(Web page caption snippets)
______
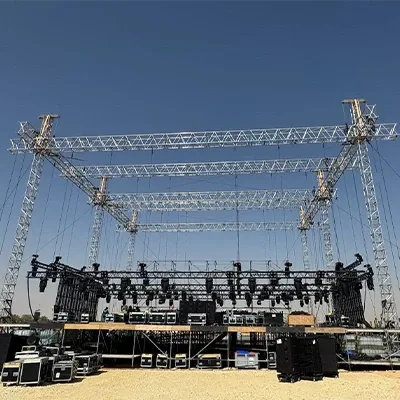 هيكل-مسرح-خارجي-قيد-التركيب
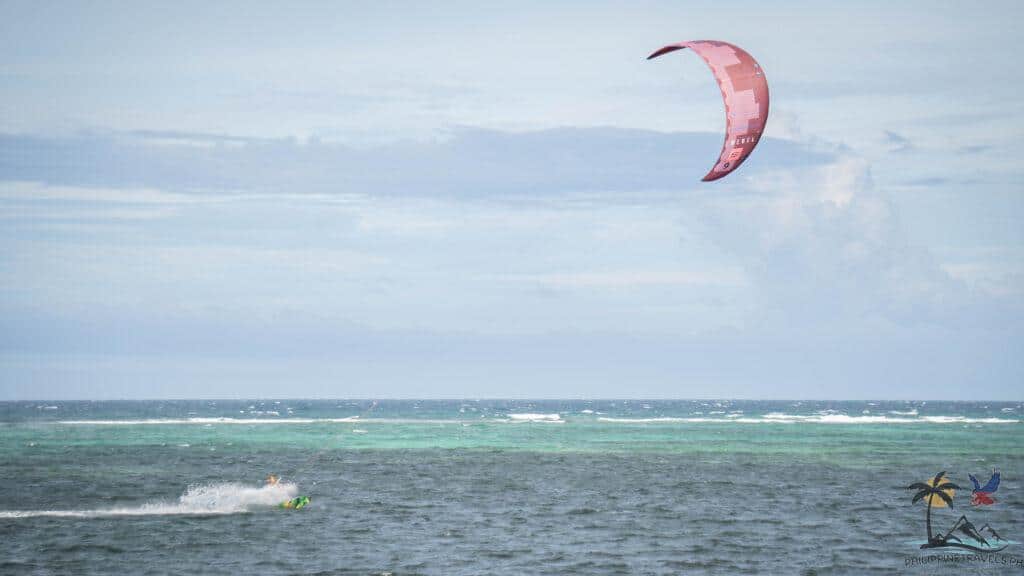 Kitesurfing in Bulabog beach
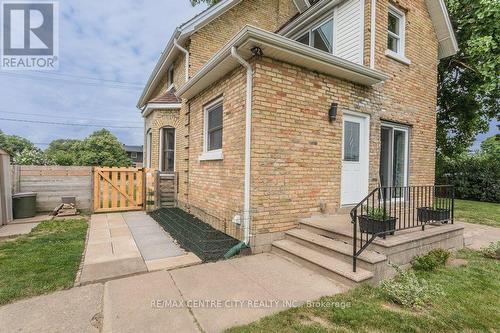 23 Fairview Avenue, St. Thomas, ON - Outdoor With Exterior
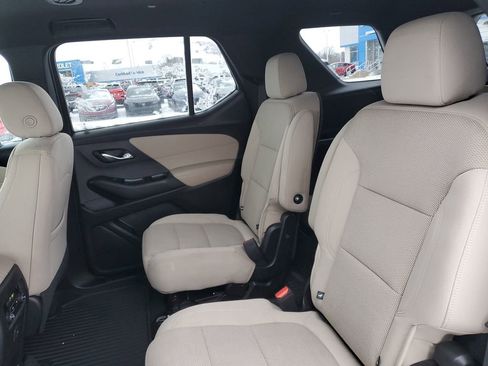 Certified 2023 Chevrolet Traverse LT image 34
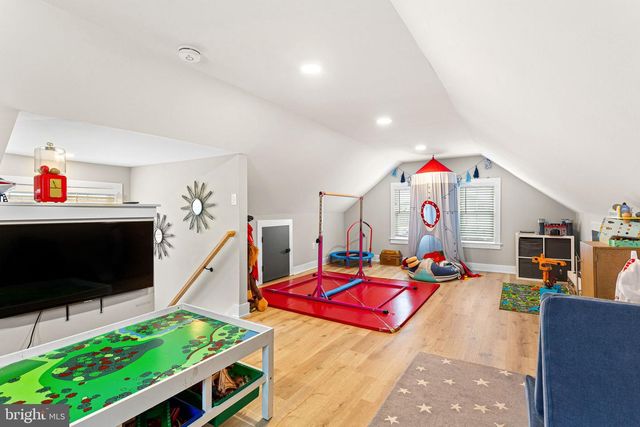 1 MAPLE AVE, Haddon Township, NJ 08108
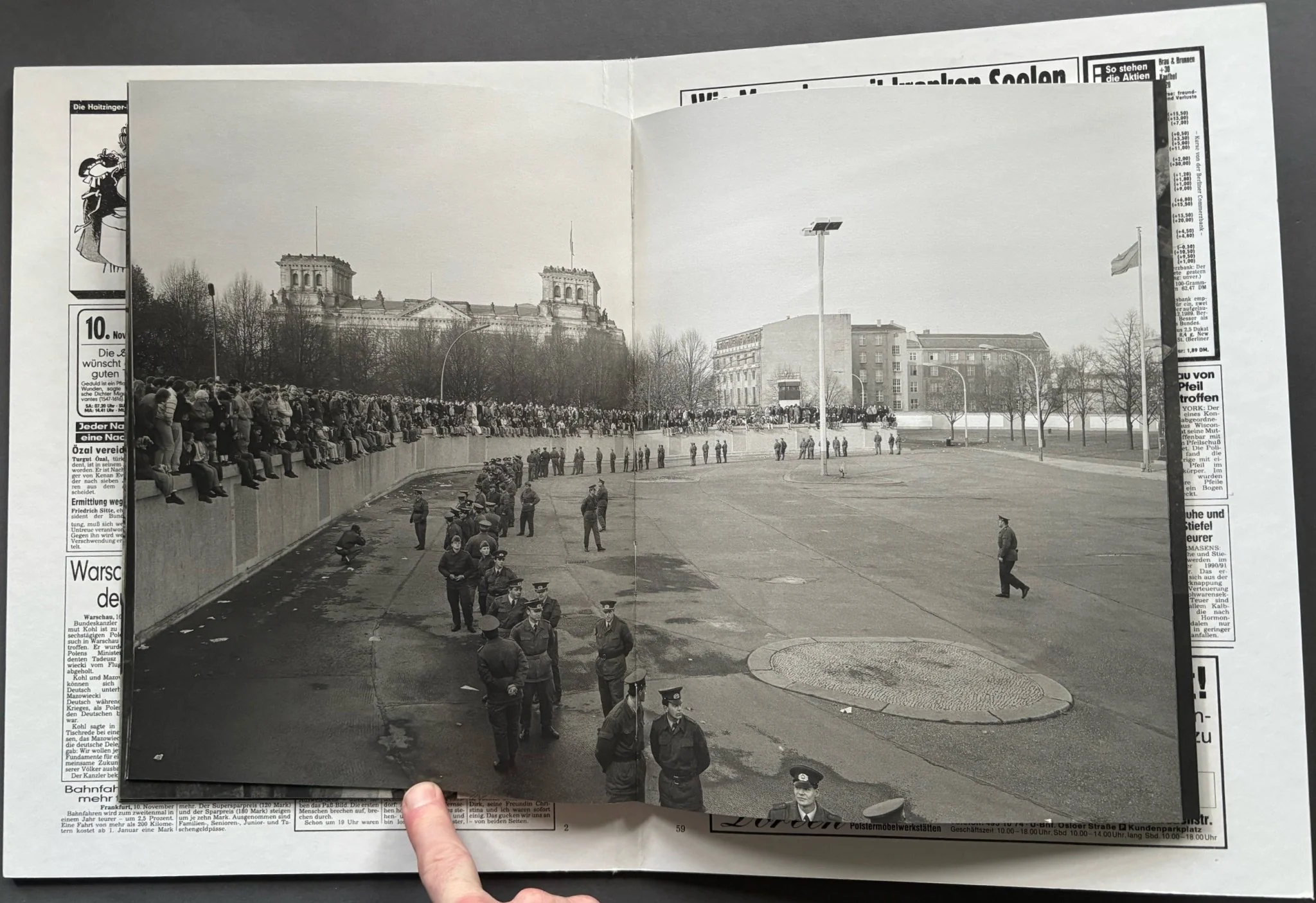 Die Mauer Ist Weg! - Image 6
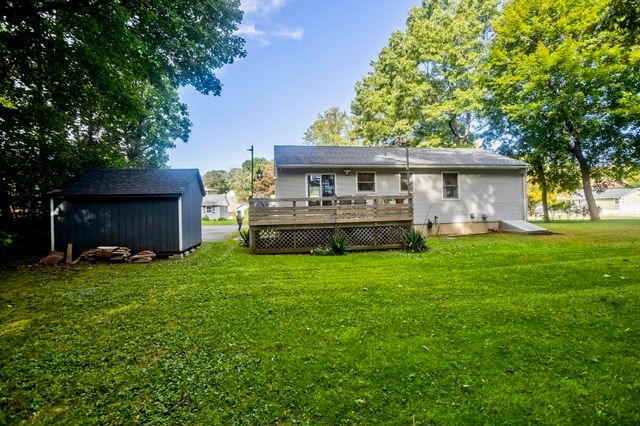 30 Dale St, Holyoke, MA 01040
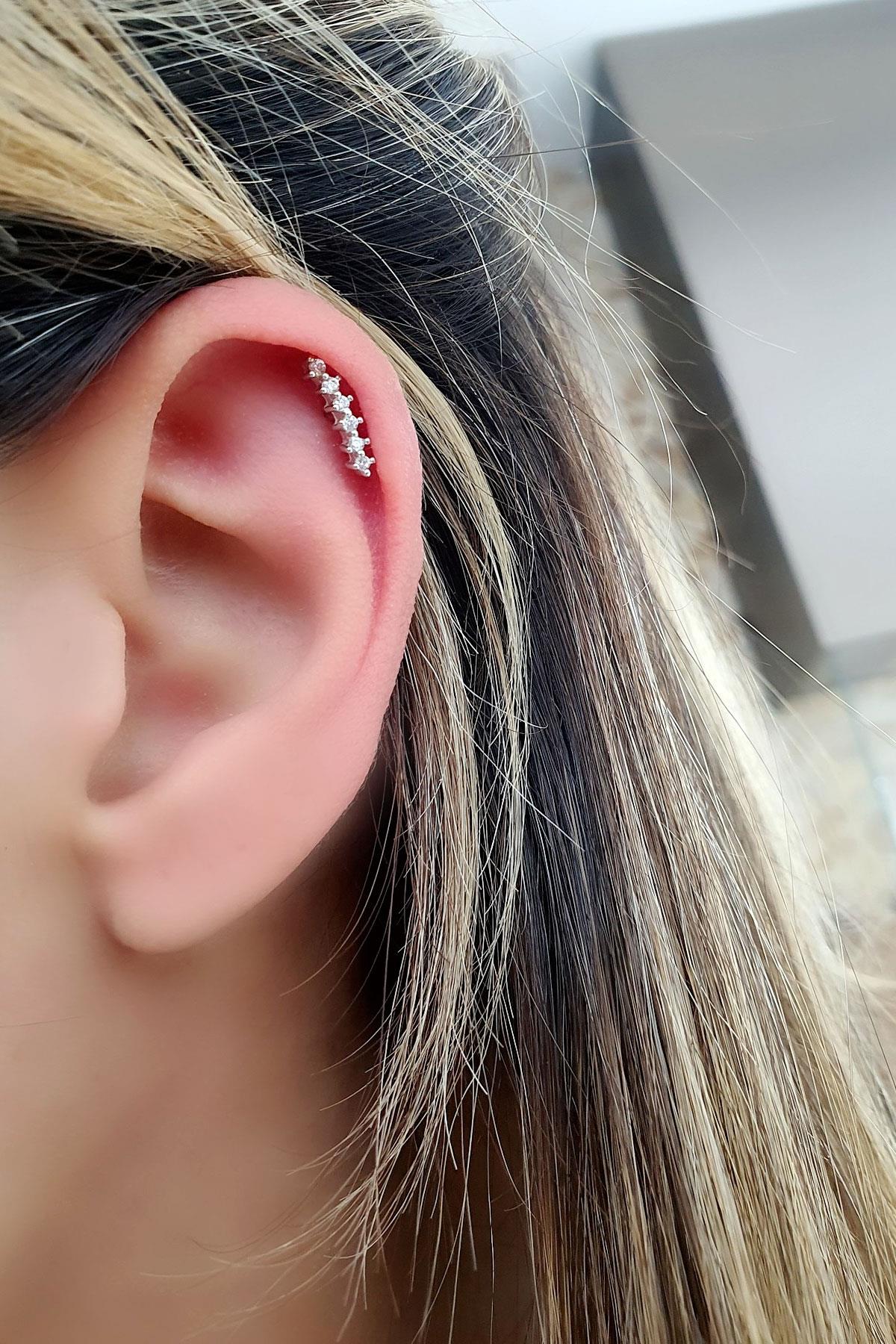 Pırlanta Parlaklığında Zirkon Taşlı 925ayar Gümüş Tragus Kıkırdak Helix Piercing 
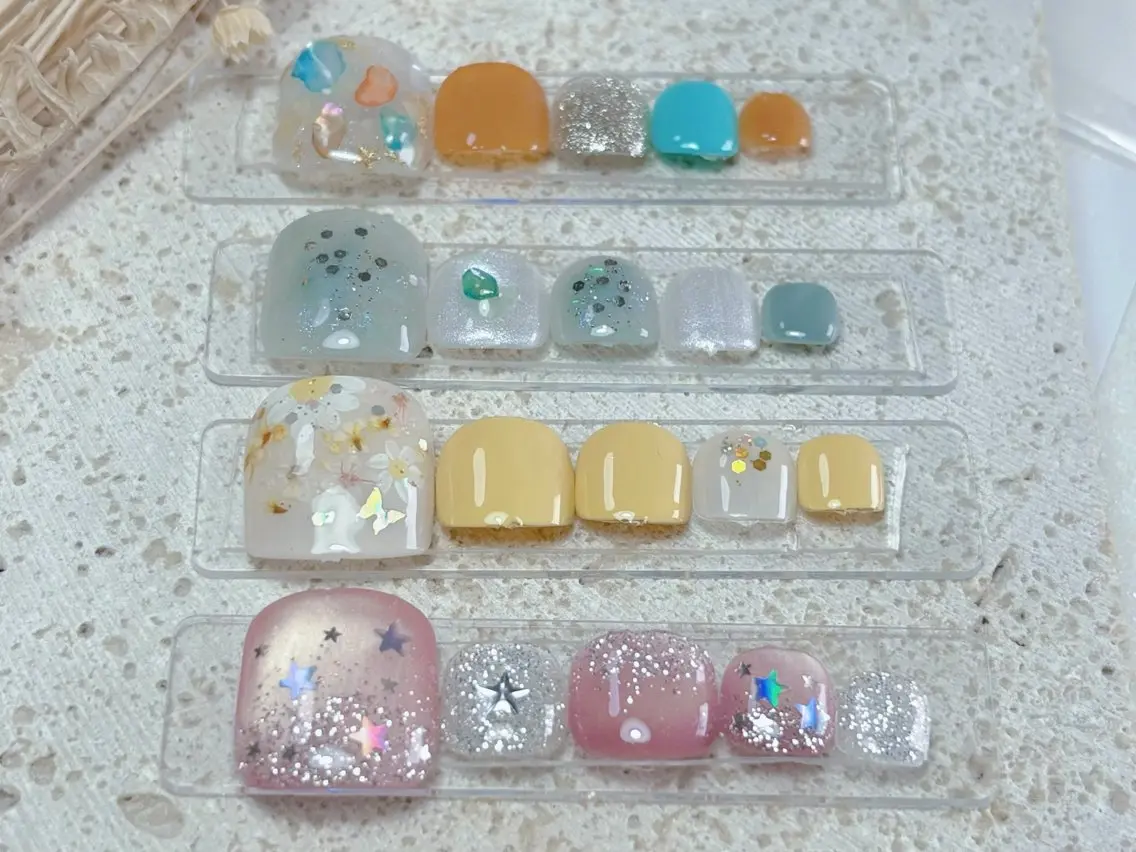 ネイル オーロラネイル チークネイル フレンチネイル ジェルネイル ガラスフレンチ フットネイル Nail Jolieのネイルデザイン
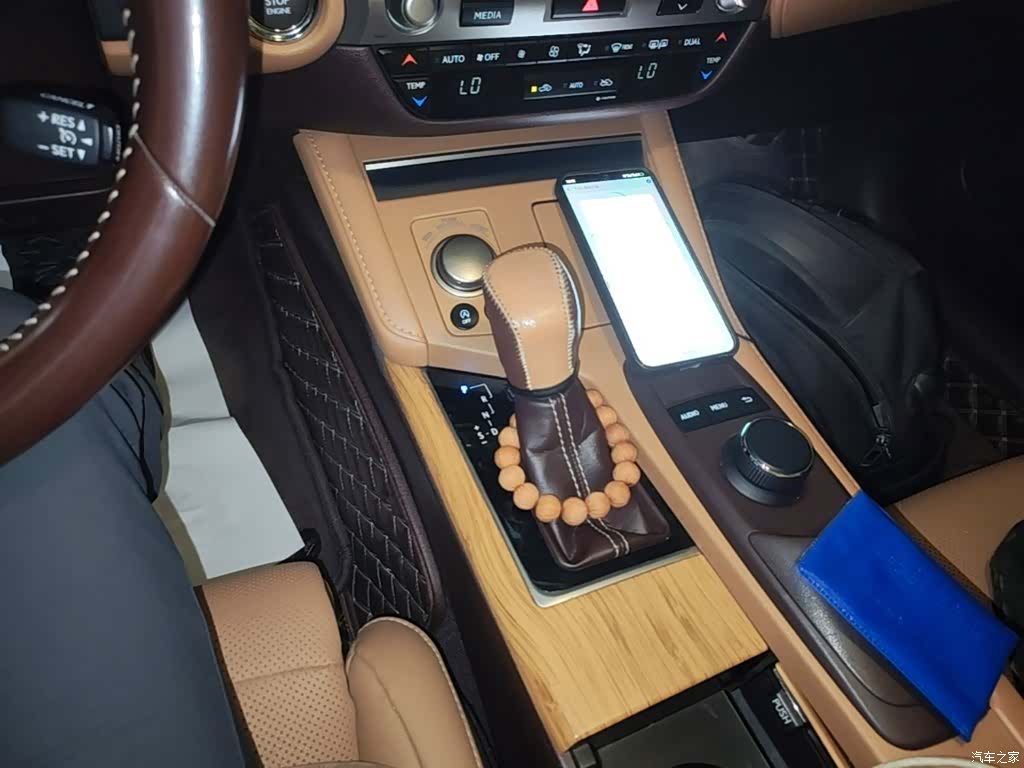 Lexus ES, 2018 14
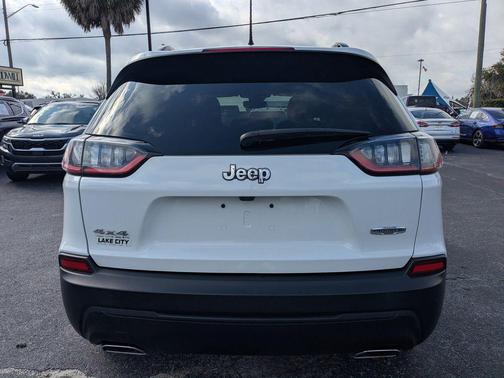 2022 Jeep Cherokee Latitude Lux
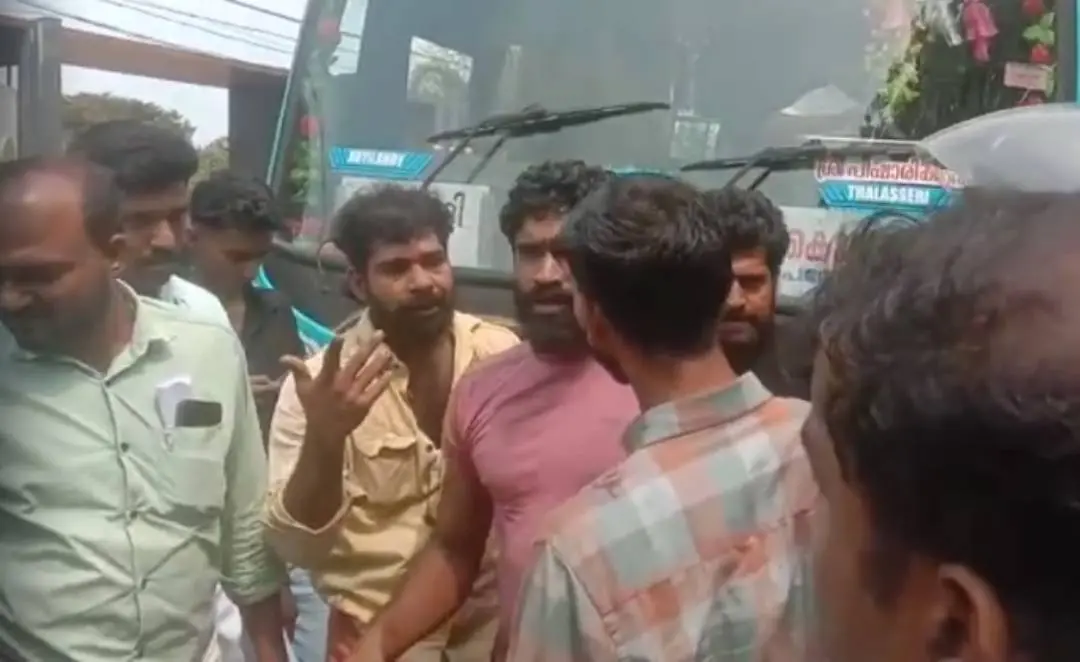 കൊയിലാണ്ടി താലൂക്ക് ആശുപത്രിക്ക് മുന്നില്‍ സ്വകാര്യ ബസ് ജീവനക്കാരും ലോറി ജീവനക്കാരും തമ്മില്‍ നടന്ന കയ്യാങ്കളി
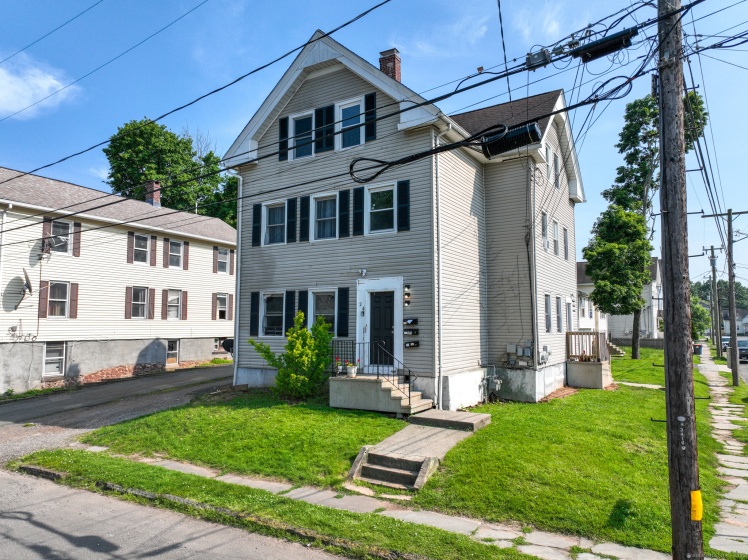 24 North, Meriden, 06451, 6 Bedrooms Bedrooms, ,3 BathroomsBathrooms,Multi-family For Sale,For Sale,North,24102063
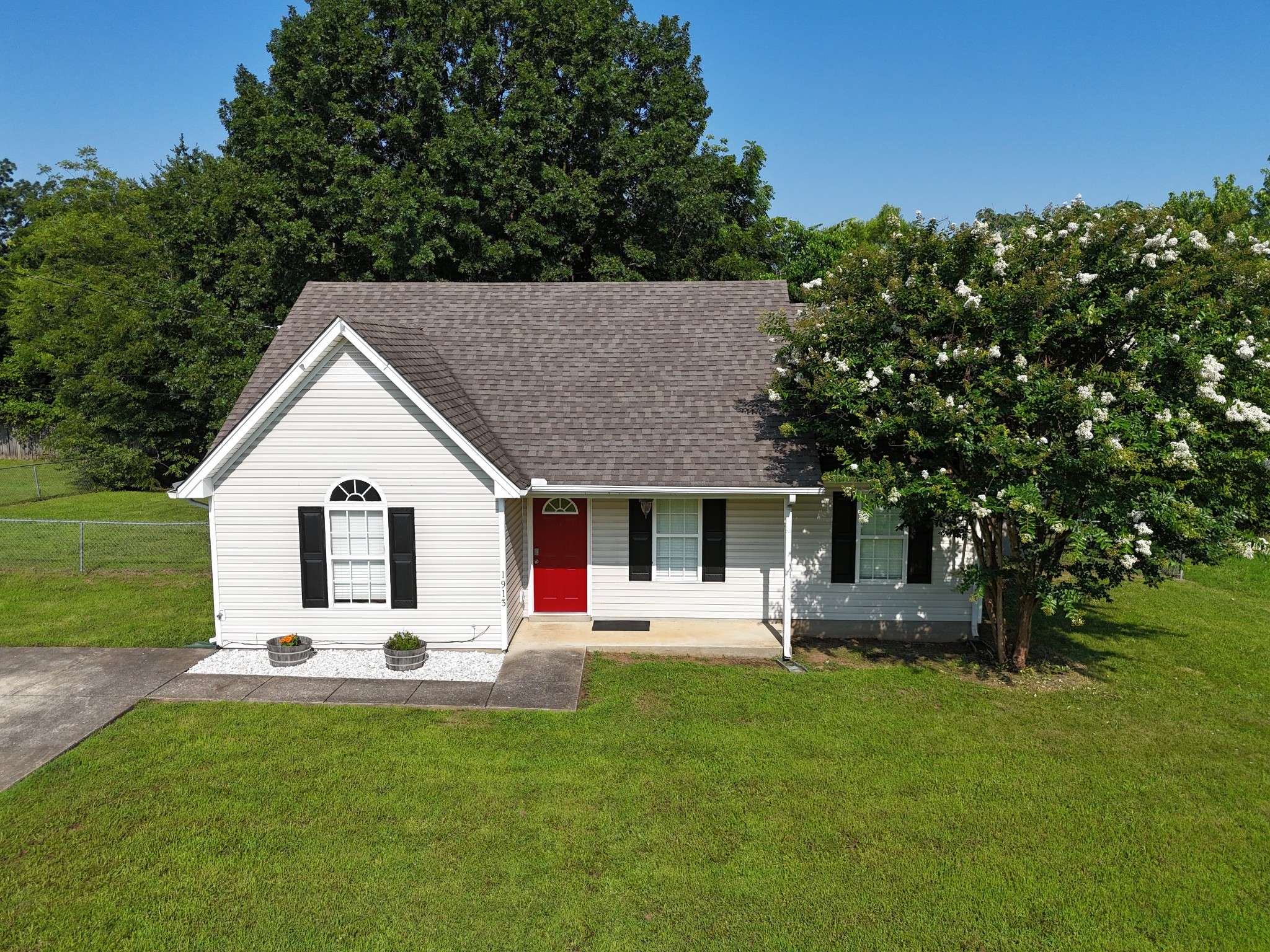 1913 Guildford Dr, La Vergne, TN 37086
______
**Work task:** Could you copy the data above exactly, leaving the pictures out?

**Task response:**
 هيكل-مسرح-خارجي-قيد-التركيب
 Kitesurfing in Bulabog beach
 23 Fairview Avenue, St. Thomas, ON - Outdoor With Exterior
 Certified 2023 Chevrolet Traverse LT image 34
 1 MAPLE AVE, Haddon Township, NJ 08108
 Die Mauer Ist Weg! - Image 6
 30 Dale St, Holyoke, MA 01040
 Pırlanta Parlaklığında Zirkon Taşlı 925ayar Gümüş Tragus Kıkırdak Helix Piercing 
 ネイル オーロラネイル チークネイル フレンチネイル ジェルネイル ガラスフレンチ フットネイル Nail Jolieのネイルデザイン
 Lexus ES, 2018 14
 2022 Jeep Cherokee Latitude Lux
 കൊയിലാണ്ടി താലൂക്ക് ആശുപത്രിക്ക് മുന്നില്‍ സ്വകാര്യ ബസ് ജീവനക്കാരും ലോറി ജീവനക്കാരും തമ്മില്‍ നടന്ന കയ്യാങ്കളി
 24 North, Meriden, 06451, 6 Bedrooms Bedrooms, ,3 BathroomsBathrooms,Multi-family For Sale,For Sale,North,24102063
 1913 Guildford Dr, La Vergne, TN 37086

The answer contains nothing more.